Content starts

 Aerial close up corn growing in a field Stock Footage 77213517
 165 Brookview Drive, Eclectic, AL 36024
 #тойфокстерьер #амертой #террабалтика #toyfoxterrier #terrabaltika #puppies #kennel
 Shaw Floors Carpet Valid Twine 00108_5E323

Content ends
Content starts

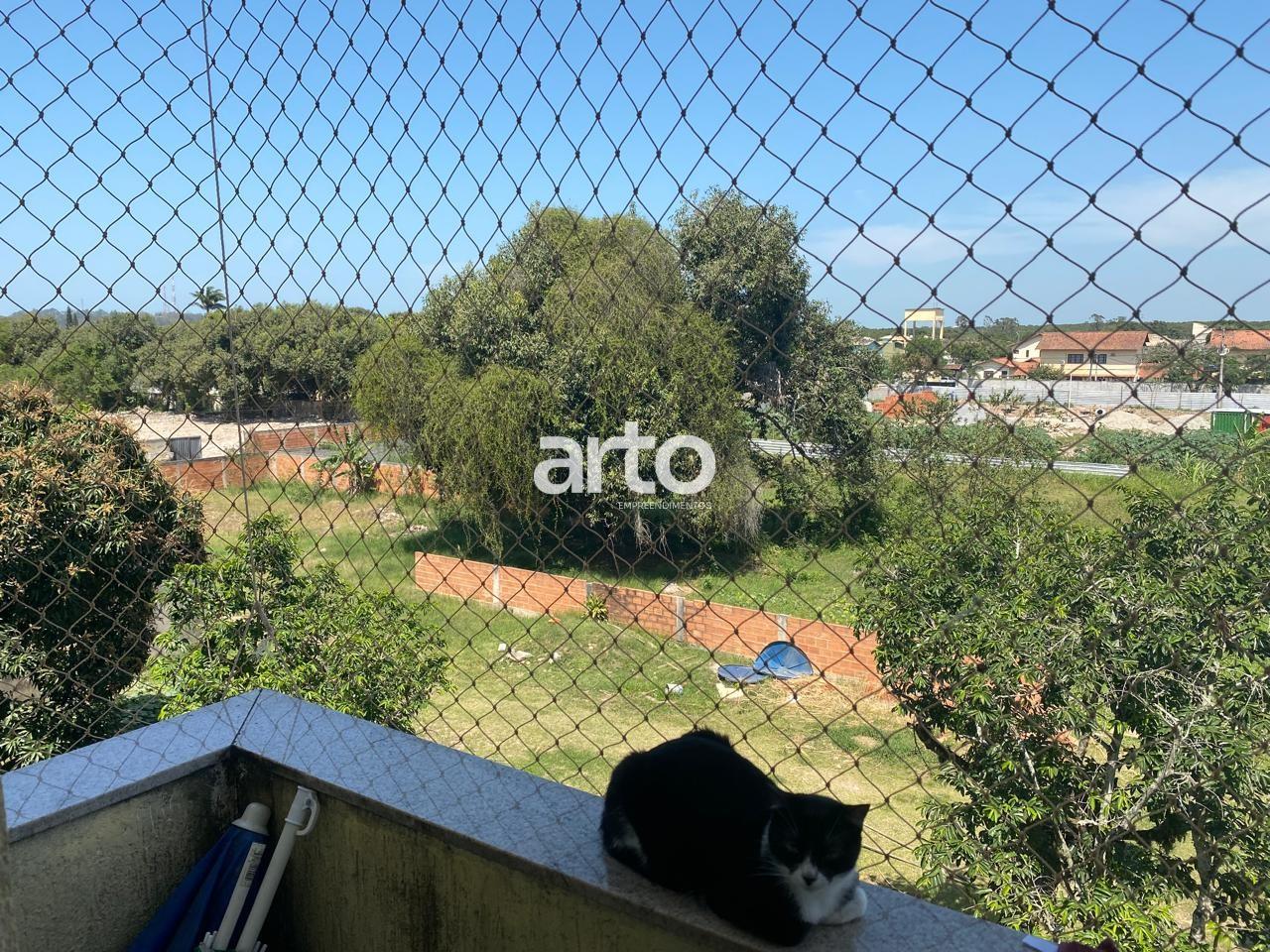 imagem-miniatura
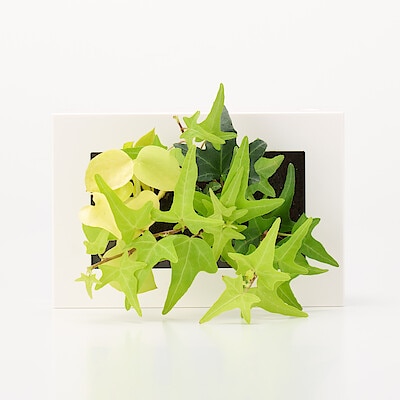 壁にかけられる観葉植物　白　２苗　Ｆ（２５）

Content ends

■ The task ■
Retype the records above, but only those lines that fall between the line containing "165 Brookview Drive, Eclectic, AL 36024" and the line containing "Shaw Floors Carpet Valid Twine 00108_5E323", with both of those lines included, exactly as written.

■ Solved exercise ■
 165 Brookview Drive, Eclectic, AL 36024
 #тойфокстерьер #амертой #террабалтика #toyfoxterrier #terrabaltika #puppies #kennel
 Shaw Floors Carpet Valid Twine 00108_5E323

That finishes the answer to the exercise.